FDI enterprises raked in a total of US$9.24 billion from exports during the first half of May, a decline of 30.1% compared to the second half of April.

By mid-May, FDI firms grossed a total of US$98.8 billion from exports, a rise of 13.3% against the same period from last year, and accounting for 73.1% of the country’s overall export turnover.

Meanwhile, FDI firms’ total import turnover soared by 15.4% to US$88.5 billion compared to last year’s corresponding period, duly making up 65.4% of the country’s total import turnover.

With these positive figures from the beginning of the year to May 15, FDI enterprises racked up a trade surplus of US$10.3 billion.
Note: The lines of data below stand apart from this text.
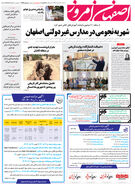 روزنامه اصفهان امروز شماره 4965 ؛23 مرداد 1403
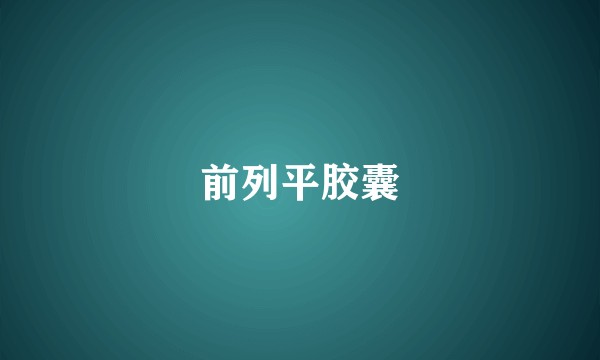 前列平胶囊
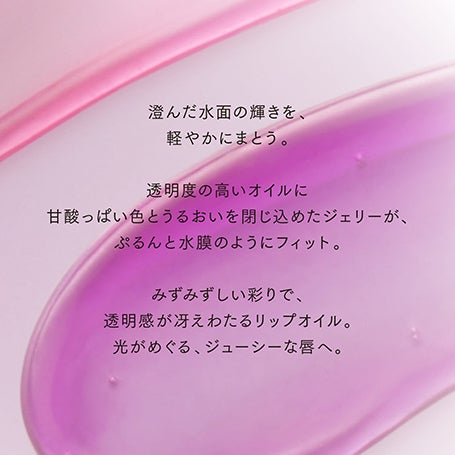 デューイリフレクトリップオイル EX01 詳細画像 13枚中5枚目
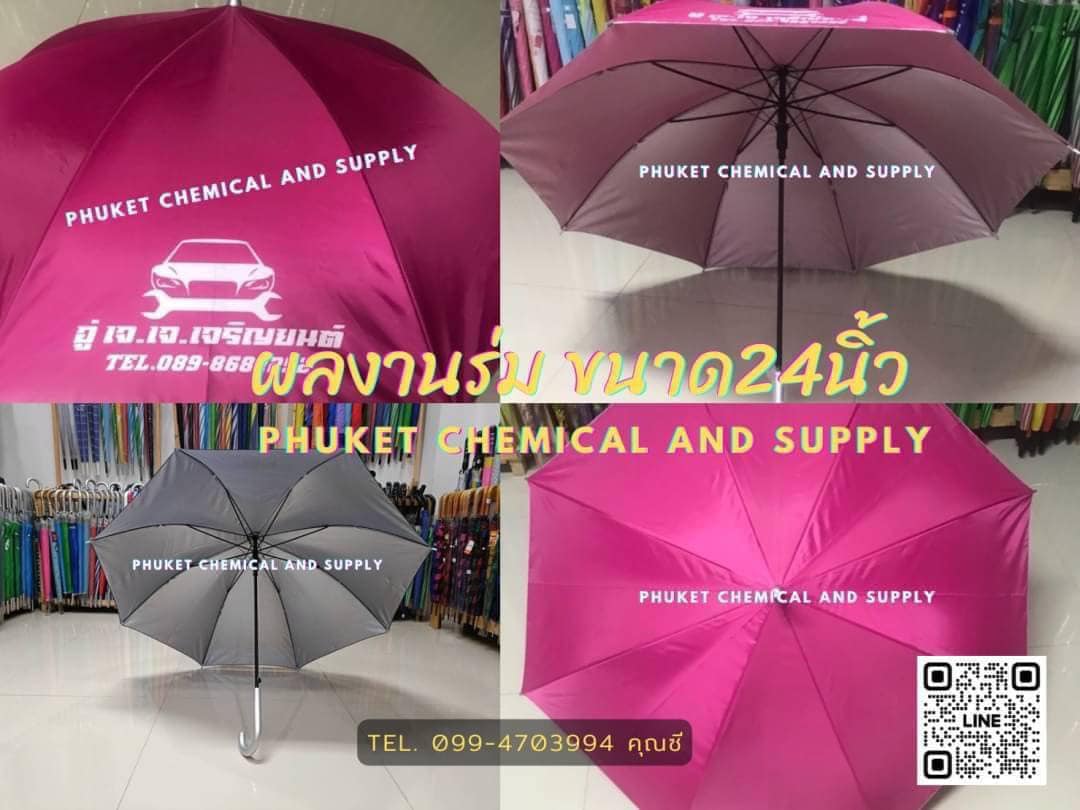 ผลงานร่ม ขนาด 24 นิ้ว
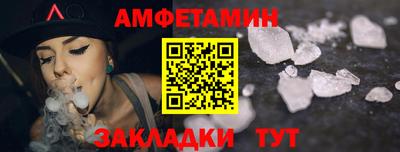 мескалин Уссурийск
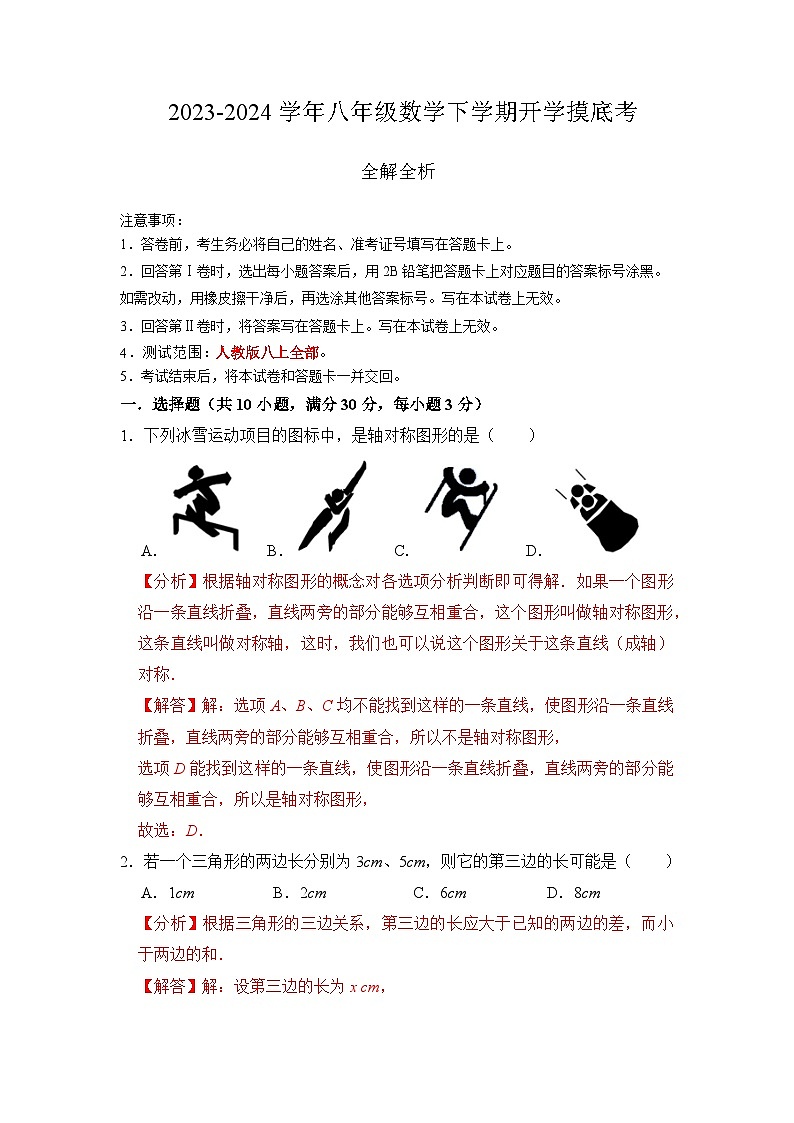 【开学摸底考】八年级数学（广东省卷专用，范围：人教版八上全部）-2023-2024学年初中下学期开学摸底考试卷.zip01
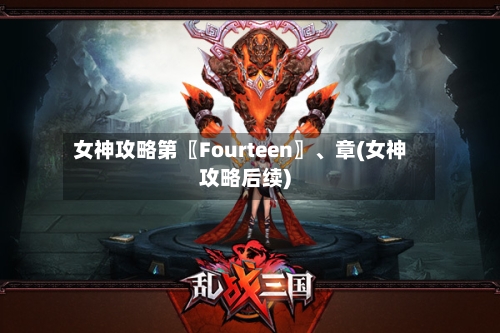 女神攻略第〖Fourteen〗、章(女神攻略后续)
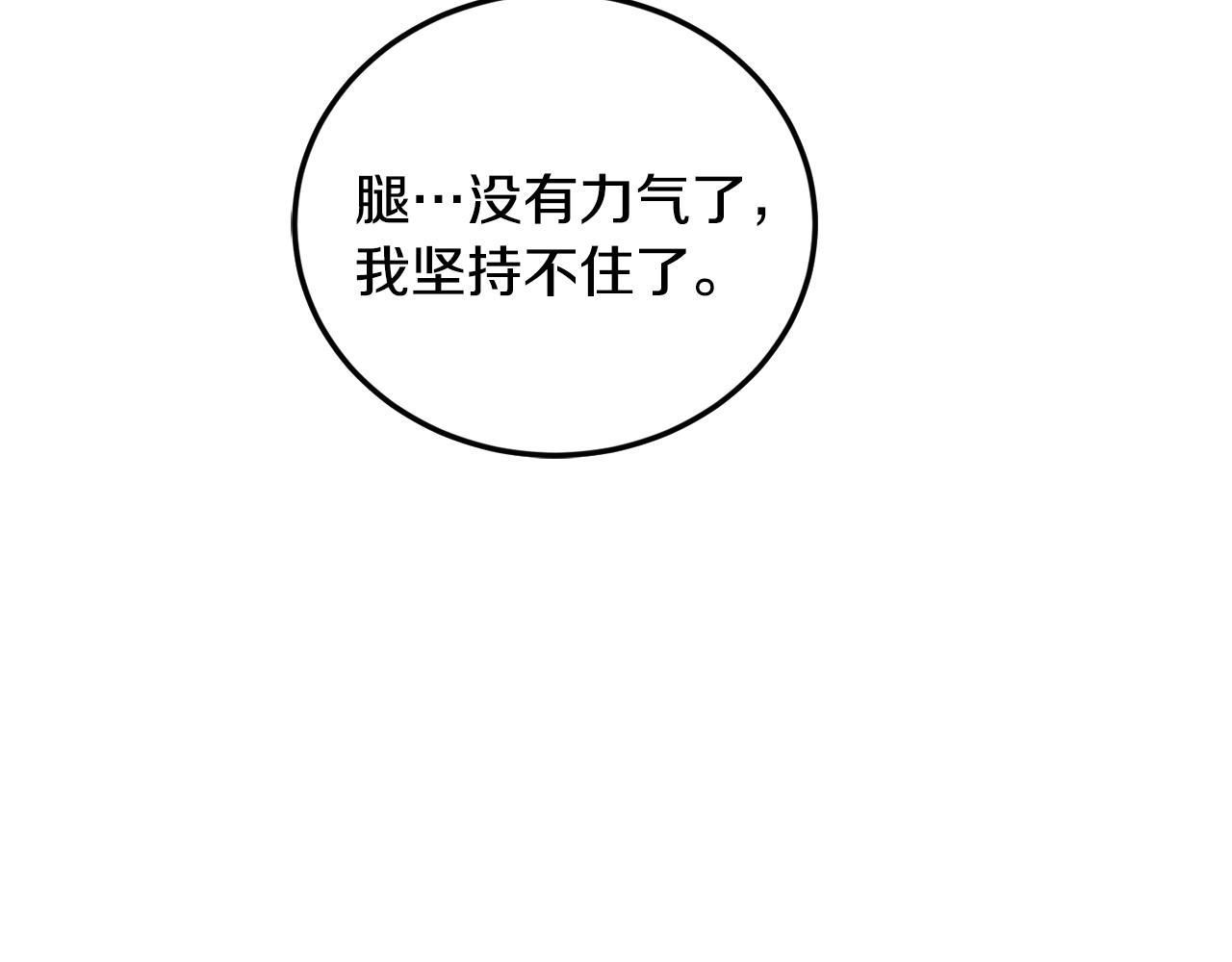 第54话 危机来临75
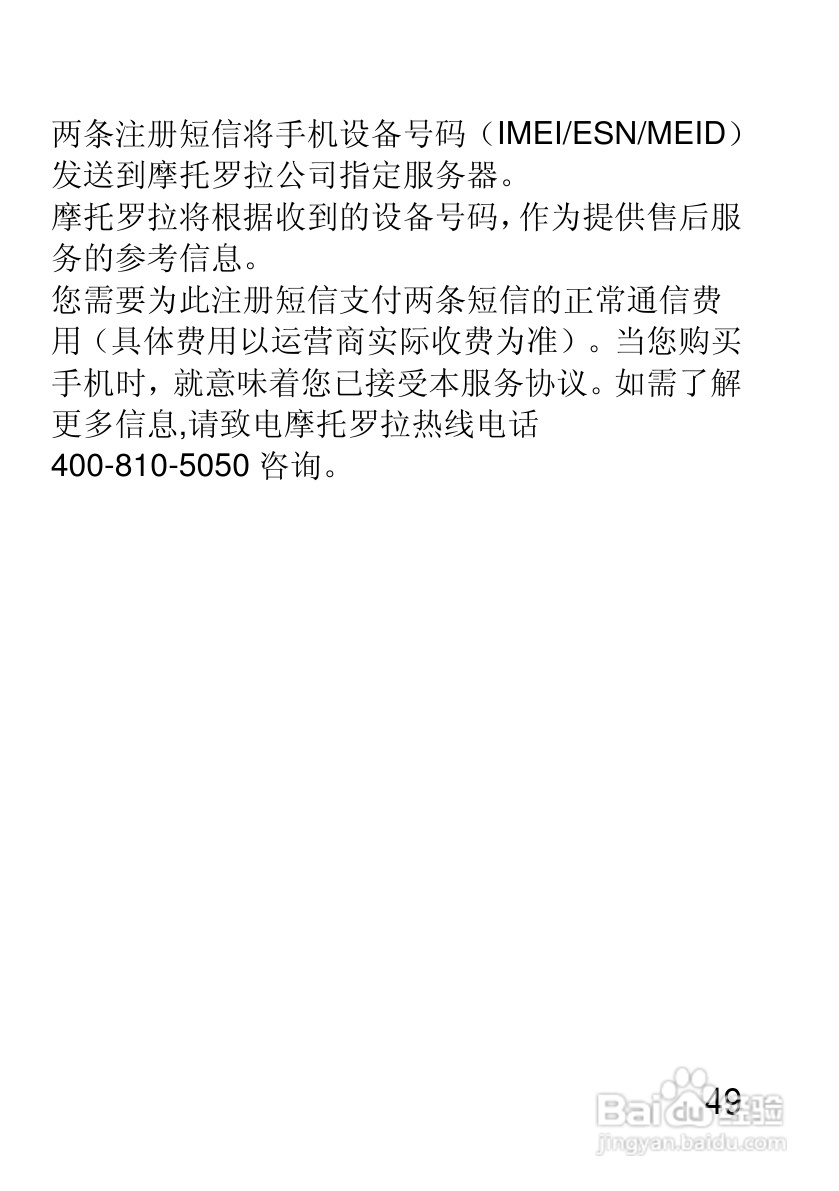 摩托罗拉EX210手机使用说明书:[5]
At present, FDI sector has significantly contributed to the nation’s leading export groups, including phones and components, computers, machines and equipment, garments and textiles, and footwear.

Last year witnessed the country’s exports edge up by 19% to US$336.3 billion compared to 2020, with the FDI sector remaining the main pillar of export.

According to the Ministry of Industry and Trade, despite enduring a sharp increase, the country’s exports tend to heavily rely on the FDI sector in recent years.

Specifically, the FDI sector’s export turnover surged by 21.1% to US$247.5 billion, making up 73.6% of total export turnover, while the export turnover of domestic enterprises stood at an estimated US$89 billion, up 13.4%.

This figure was lower than the country’s overall export growth and only made up 26.4% of total export turnover.